Unnamed: 0,expected_label,FALSE,TRUE
0,0,96062,0
1,1,462,0



**Gemini Explainer Prompt:**

```python
prompt = Write Python code using BigQuery ML that evaluates a classification model and shows both its evaluation metrics and confusion matrix. Use ML.EVALUATE to get precision, recall, accuracy, f1_score, log_loss, and roc_auc, then use ML.CONFUSION_MATRIX at the default threshold to display true/false predictions against expected labels. Return both results as pandas DataFrames
```
Paste your explanation below.


This prompt works because it tells the AI exactly what to generate: SQL for model evaluation and confusion matrix queries within BigQuery ML. It specifies the key functions (ML.EVALUATE and ML.CONFUSION_MATRIX) and the expected output format (to_dataframe() in Python).
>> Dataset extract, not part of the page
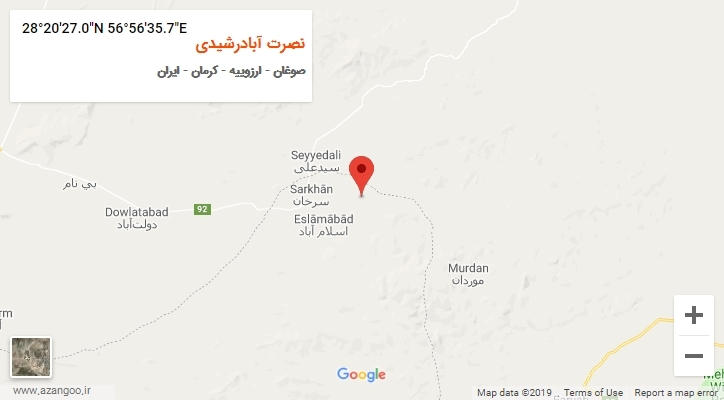 روستای نصرت آبادرشیدی بر روی نقشه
That precision ensures the AI returns code that matches both cells shown in your screenshot.


---
## Threshold Tuning

By default, `ML.PREDICT` uses a threshold of **0.5**. You can change it to 0.75 and observe impacts on FP/FN.

> **Task:** Author your own Gemini prompt asking for an `ML.PREDICT` example that uses **`STRUCT(0.75 AS threshold)`** and explains when/why an airline might pick a higher threshold.


In [37]:
# Example scaffold: predictions with a higher threshold (0.75)
pred_sql = f"""
SELECT *
FROM ML.PREDICT(
  MODEL `{model_id}`,
  (SELECT
     2000.0 AS distance_miles,
     30.0   AS dep_delay_min,
     'AA'   AS carrier
  ),
  STRUCT(0.75 AS threshold)
)
"""
pred_df = client.query(pred_sql).result().to_dataframe()
pred_df

Unnamed: 0,predicted_diverted,predicted_diverted_probs,distance_miles,dep_delay_min,carrier
0,False,"[{'label': True, 'prob': 0.00509451291516582},...",2000.0,30.0,AA



---
## ✅ Deliverable for Lab 5

- Completed `Lab5_Classification_BQML.ipynb` with:
  - Business context write-up (FP vs FN)
  - `CREATE MODEL` SQL
  - `ML.EVALUATE` + `ML.CONFUSION_MATRIX` outputs and explanations
  - Threshold tuning example (`STRUCT(0.75 AS threshold)`)
- Push to **GitHub** and submit the link on **Brightspace**.